> **DATASET EXTRACT**:
★ ★ ★ ★

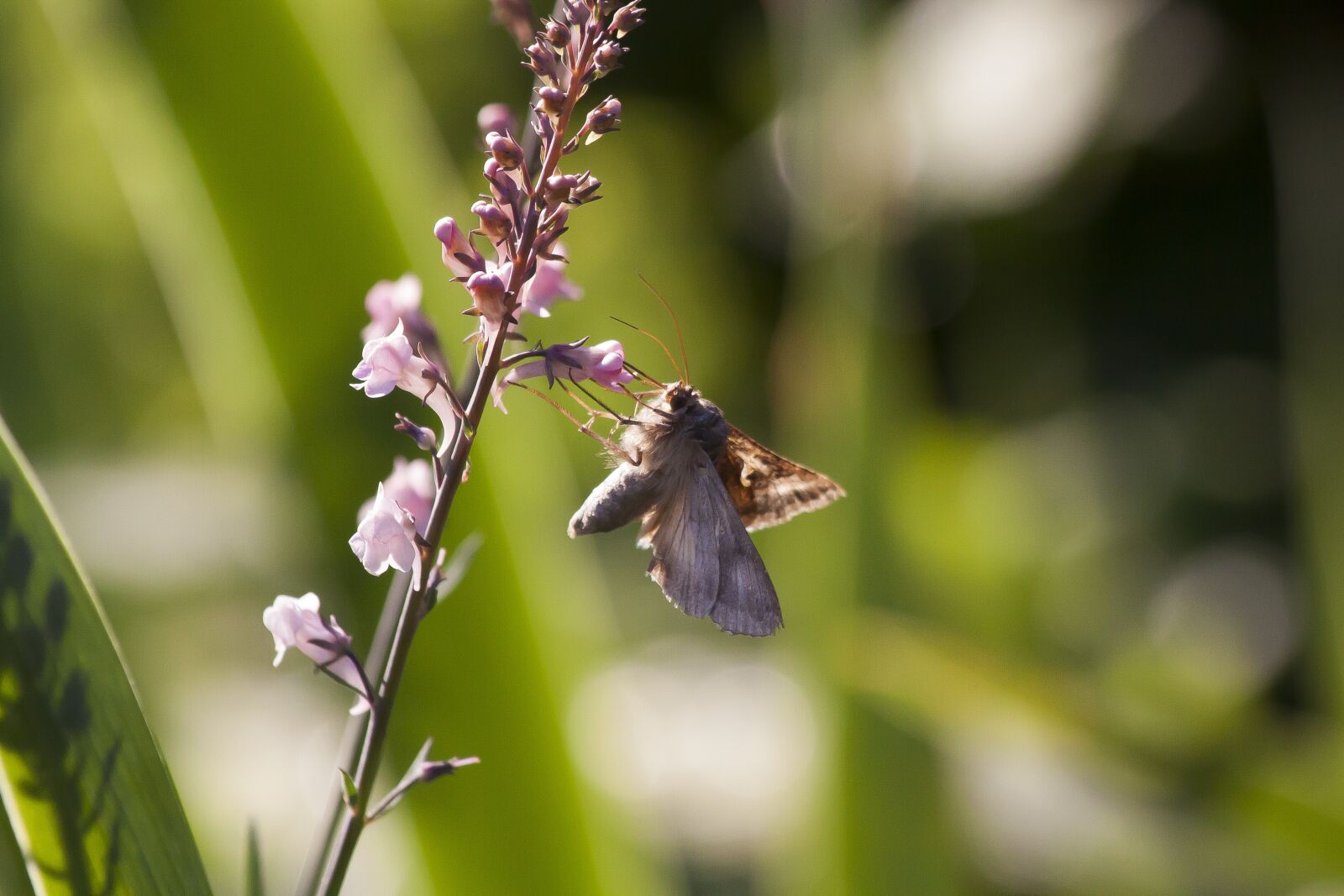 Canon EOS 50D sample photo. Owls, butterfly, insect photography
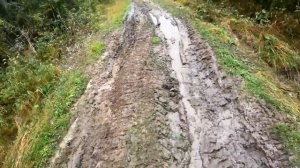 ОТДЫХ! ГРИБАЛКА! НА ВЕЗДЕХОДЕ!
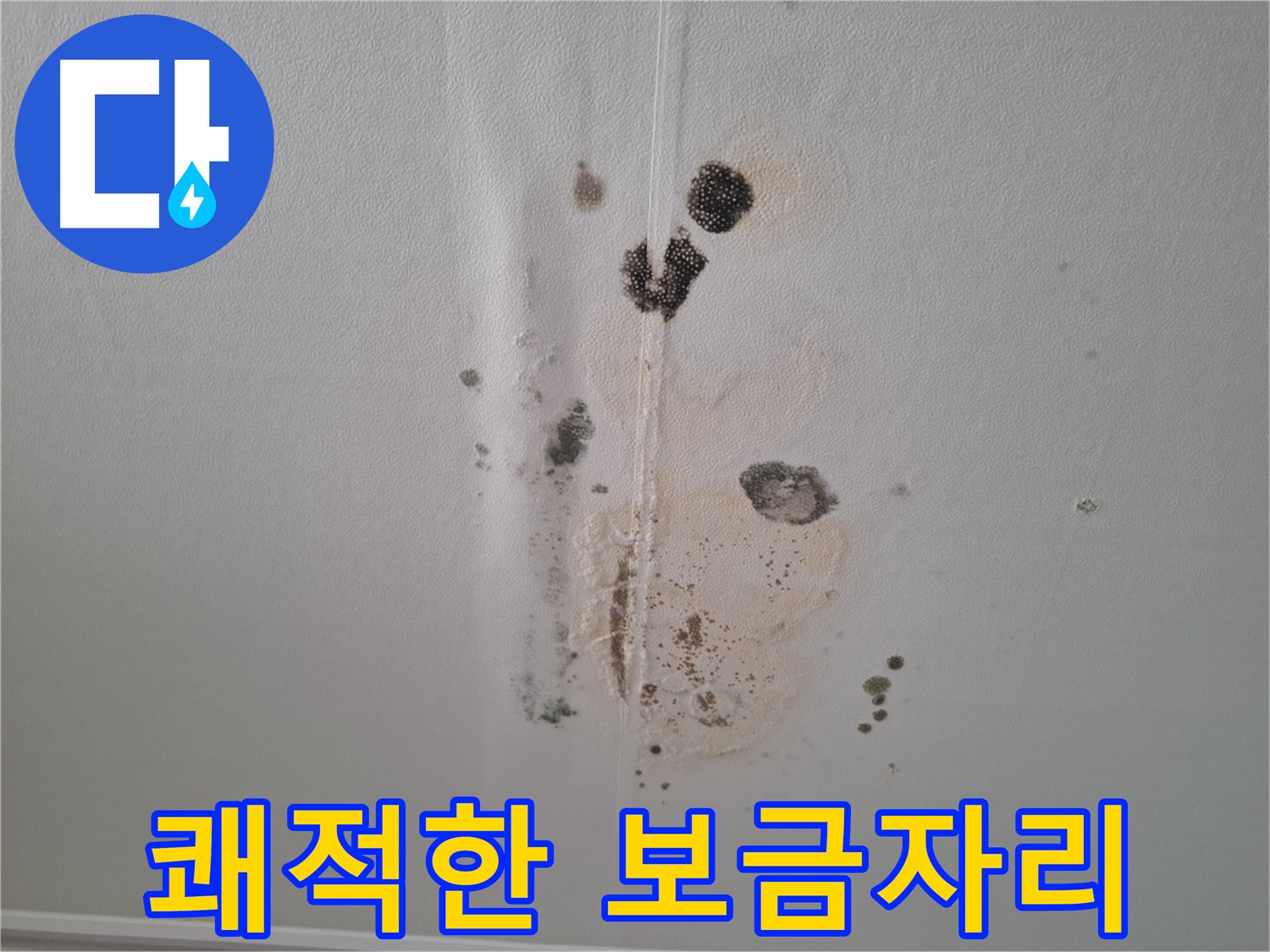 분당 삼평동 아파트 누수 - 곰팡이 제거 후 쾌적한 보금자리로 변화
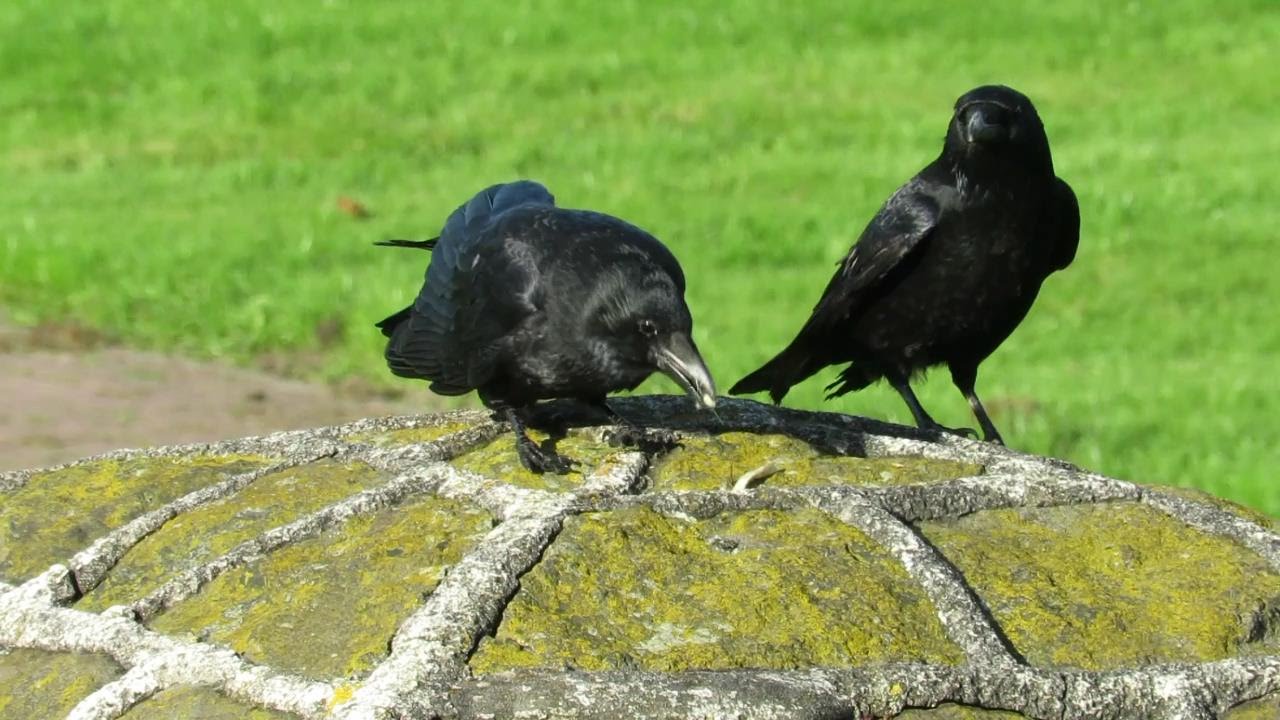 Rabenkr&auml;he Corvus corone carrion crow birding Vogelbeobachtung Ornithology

★ ★ ★ ★

> **TASK ITEM**: Every line of the material must be returned exactly; leave the images out.

> **EXERCISE RESPONSE**:
 Canon EOS 50D sample photo. Owls, butterfly, insect photography
 ОТДЫХ! ГРИБАЛКА! НА ВЕЗДЕХОДЕ!
 분당 삼평동 아파트 누수 - 곰팡이 제거 후 쾌적한 보금자리로 변화
 Rabenkr&auml;he Corvus corone carrion crow birding Vogelbeobachtung Ornithology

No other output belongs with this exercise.